▶ **Your task**: Pictures in the data should be dropped; transcribe exactly the lines from the one that has "So we want to" through the one that has "Now a very common".

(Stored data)
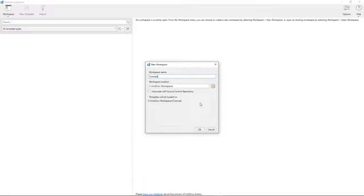We're not going to do that right now, but we will have a separate video that you can access discussing source control, how to set that up, how to use that with HotDocs workspaces. So for now, we're just going to leave this unchecked.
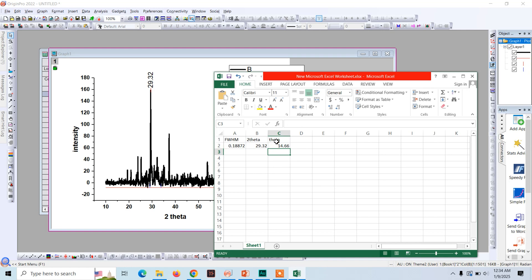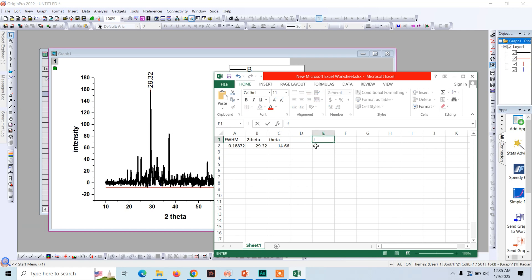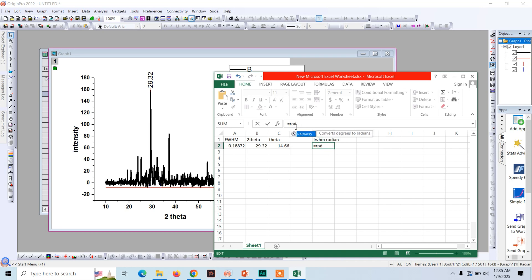And this will be equal to 29.32 divided by 2. This will give us just theta which is 14.66. And now we are going to convert the FWHM and theta values from degrees, the unit here is in degrees, so we need to use radians. FWHM in radians. Type radians. And now click on this.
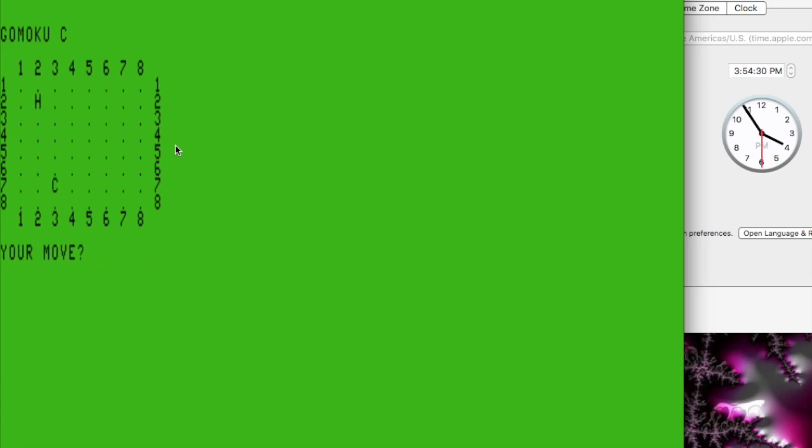So that's running at one megahertz, BASIC version running at two megahertz, and the computer is moving in about one and a half seconds. Not bad. Thanks for watching.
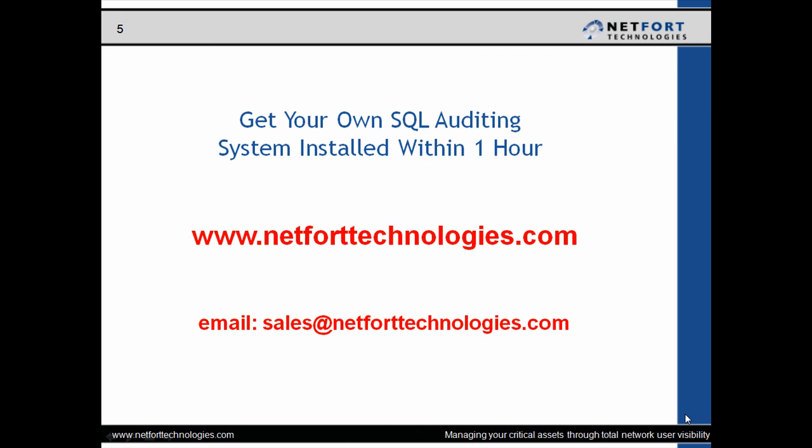So if you want to get your own SQL auditing system installed within one hour, or maybe if you're an auditor and you want either a portable or a permanent solution for monitoring database activity, please visit www.netforttechnologies.com where you can download a free trial today.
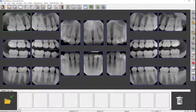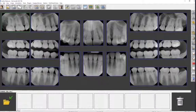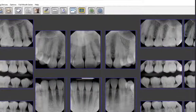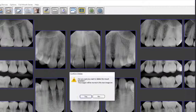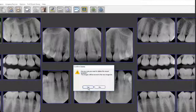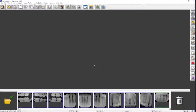If you would like to delete a mount, click on the proper tab on the date tab bar, click Full Mouse Series on the menu bar, then click Delete Mount. To confirm the deletion, click Yes. The images are not deleted — they are moved to the new image bin at the bottom of the screen.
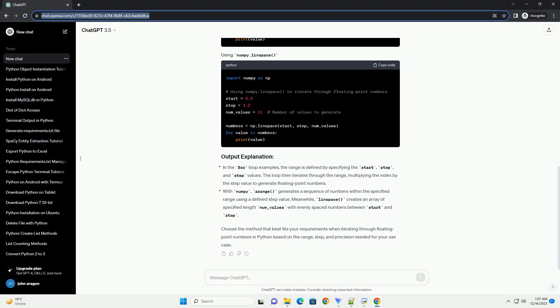Here's a tutorial demonstrating different methods to iterate through floating point numbers in Python. Python's for loop can be employed to iterate through a range of floating point numbers by specifying the start, stop, and step values using the range function.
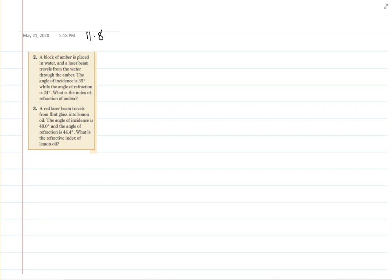Problem-solving practice for Snell's law equation — this is Section 11.8, the questions assigned in the worksheet for Week 7. Let's do question 2: a block of amber is placed in water and a laser beam travels from water through the amber.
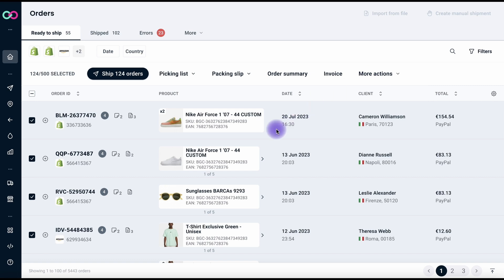Say goodbye to repetitive tasks. With a few clicks, you can perform actions on multiple orders simultaneously. You're now ready to use the new ShipPro interface at your very best!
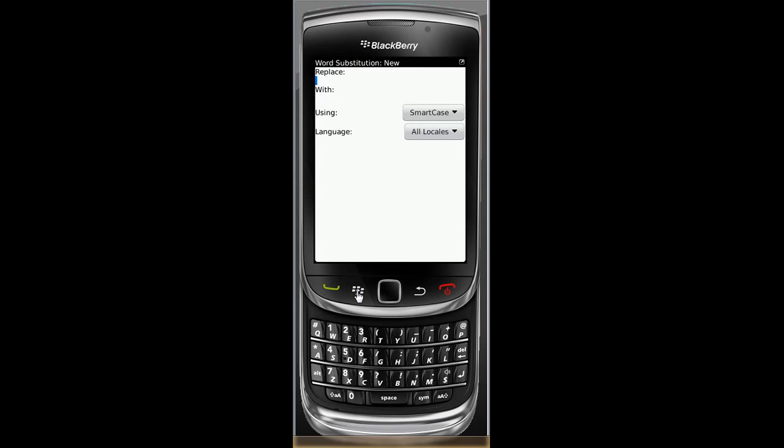I'm going to do my company name. I type that a lot. I don't want to type it all the time. I'll make it easy. So every time I type SS, it will populate swirl solutions.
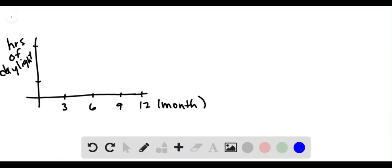So we want to make a graph that represents the hours of daylight over the course of a year. Of course it depends on your location, but if you take a typical place in the United States,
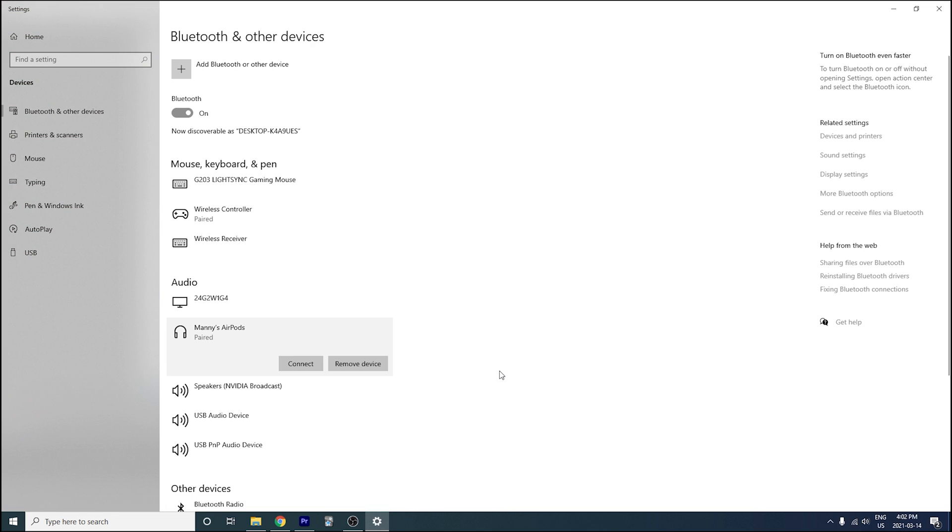Now a very common issue in Windows is that you might have your AirPods paired, but they're not actually connected. So all you have to do is go back to your Bluetooth settings, hover over your AirPods and simply hit connect. And they should be good to go.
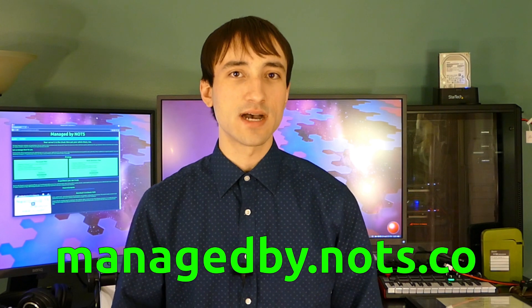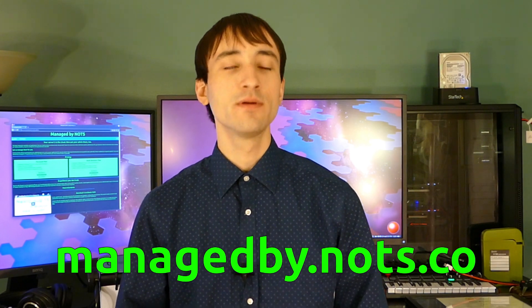So feel free to contact me on that website or at my email address, jacob at nerdonthestreet.com, if you have any questions about this service. But it's really quite simple. You pay me to set your server up and keep it maintained. That's really all there is to it. So if you're not wanting to get into all the little technical details of setting up a Linux server, if you just want a simple and easy solution where somebody else sets it up for you, manageby.knots.co. Send in the details and we can talk.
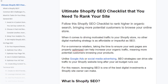Welcome to my YouTube channel. In this tutorial I am going to provide an ultimate Shopify SEO checklist that you need to rank your website. Follow this Shopify SEO checklist to rank higher in organic search, bringing more potential customers to browse your online store. When it comes to driving traffic to your Shopify store, no other digital marketing strategy is as affordable or impactful as SEO for e-commerce retailers. SEO strategy can drive site traffic to your Shopify website long after your ad budget runs out, making it one of the best digital investments a Shopify site owner can make.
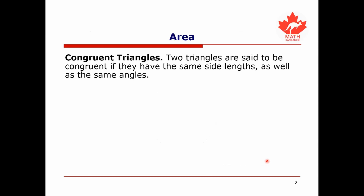First of all we have the notion of congruent triangles. Two triangles are said to be congruent if they have essentially the same side lengths as well as the same interior angles.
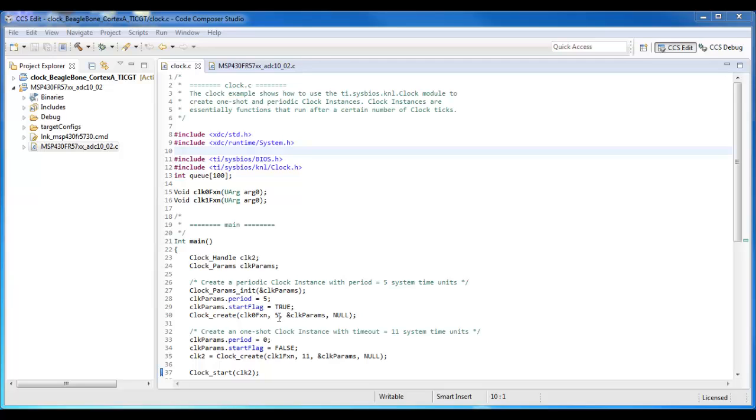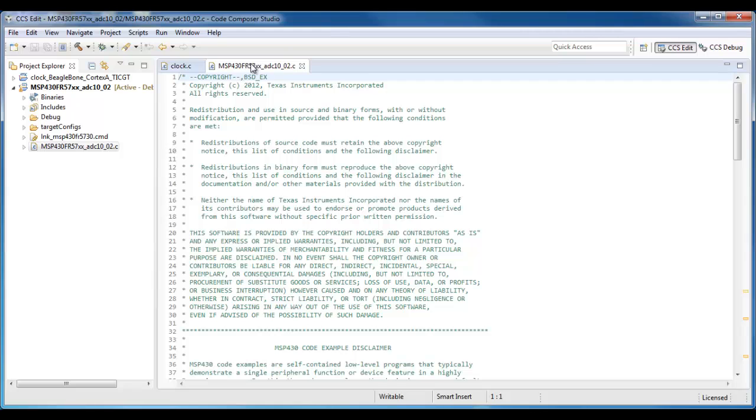By default, you can see one source file at a time in the Code Composer Studio editor. If you wish to switch which file you're looking at, you simply click on the tab located within the editor area.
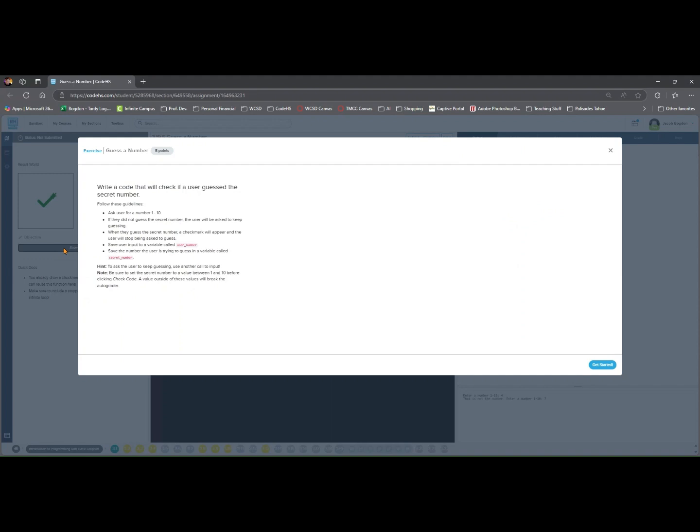This lesson builds upon earlier lessons, where we practiced using input to collect user responses, while loops to repeat actions until a condition is met, and defining functions to break code into reusable sections. In this lesson, we combine those ideas into one simple guessing game.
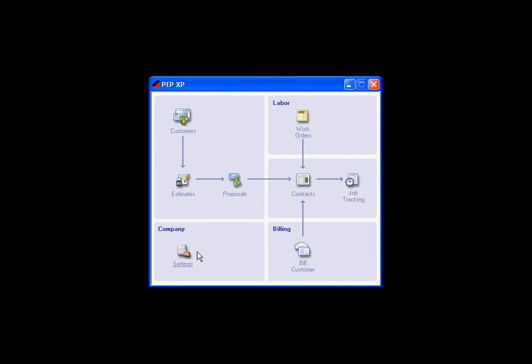As well as company settings. There are unlimited numbers of customers and proposals, unlimited items to be priced. This is the main program and will hold all of your company information forever.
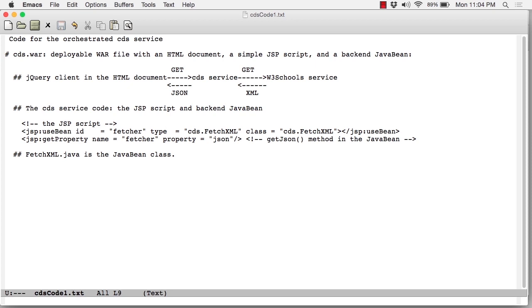The CD service code is two pieces. The JSP script is very simple. As you can see, it's two lines. The second line is the important one. This line invokes the method getJSON in the back-end JavaBean, and that back-end JavaBean is an instance of the fetchXML.java class.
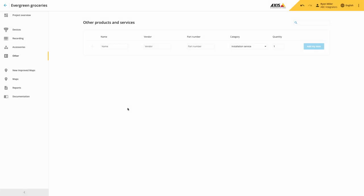The other improvement we have made is to the quote element of Access Site Designer. Within other, you can add your own elements associated with a project.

▶ **Answer below**:
So we want to make a graph that represents the hours of daylight over the course of a year. Of course it depends on your location, but if you take a typical place in the United States,
Now a very common issue in Windows is that you might have your AirPods paired, but they're not actually connected. So all you have to do is go back to your Bluetooth settings, hover over your AirPods and simply hit connect. And they should be good to go.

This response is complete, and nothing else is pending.